Dans le public, plusieurs riverains prendront la parole dans ce sens. « La grève des cafetiers était irresponsable », lance l’un d’eux. « On ne pouvait s’attendre à rien d’autre comme résultat que le déluge de haine auquel on a assisté sur les réseaux sociaux. Nous ne sommes pas naïfs, mais nous sommes opposés à la politique de nettoyage social menée par la commune dans le quartier, cela ne va rien résoudre. Le Parvis n’est plus dévolu aujourd’hui qu’aux cafés et restaurants, il n’y a plus d’autres fonctions sur la place », dénonce-t-il.
Bart Lemmens, qui connaît bien la place pour y tenir depuis plus de 20 ans la fameuse Brasserie de “l’Union”, est le seul cafetier présent. Il s’insurge : « La plupart des riverains qui prennent la parole n’habitent pas sur le Parvis et ne peuvent donc pas savoir ce qui s’y passe, alors que nous le vivons au quotidien.

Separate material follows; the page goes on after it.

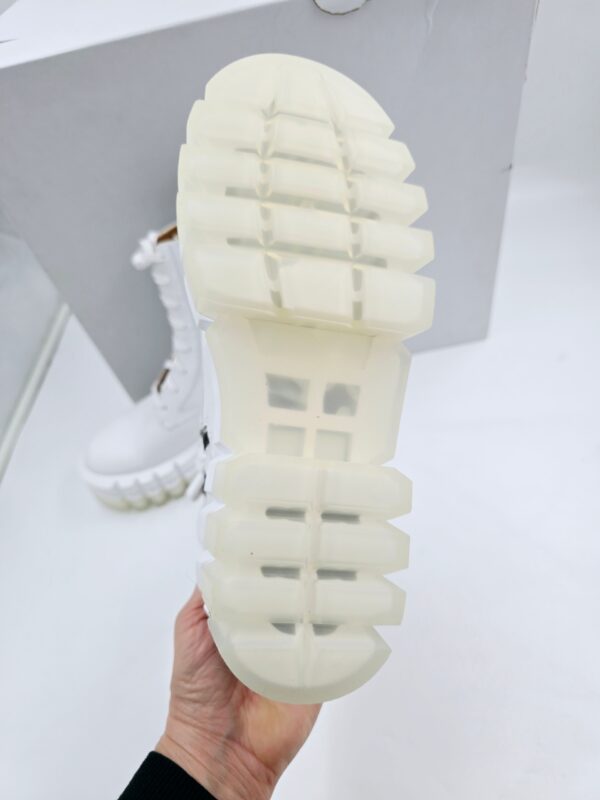 Botki białe na platformie CLERGERIE PARIS R.36 CL94F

La commune agit sur le plan social, il est faux de dire qu’elle ne prend pas à bars le corps les problèmes sociaux. » Mais cela ne peut suffire, continue-t-il. « La dizaine de délinquants en état d’ébriété qui posent problème, qui agressent continuellement les serveuses, les serveurs, les clients, ce ne sont pas des sans-abri. Et ce sont eux que la commune a finalement, commencé à verbaliser. » Avec des résultats, puisque « cela va déjà un peu mieux. »
Santé mentale
Jean Spinette (PS), échevin de la Prévention, explique les difficultés de prise en charge d’un phénomène qui dépasse largement les frontières et les compétences communales. « La commune investit beaucoup sur le plan humain et matériel pour venir en aide aux publics concernés », assure-t-il. « Il ne s’agit pas ici d’empêcher le vagabondage. Il s’agit de quelques individus violents qui agressent des gens et doivent être écartés de l’espace public, pour être pris en charge, soignés, accompagnés. Nous sommes face à des personnes qui ont des problèmes d’assuétude et de santé mentale, et nous sommes confrontés à un manque de place dans les dispositifs de santé mentale et en centres d’accueil spécialisés. »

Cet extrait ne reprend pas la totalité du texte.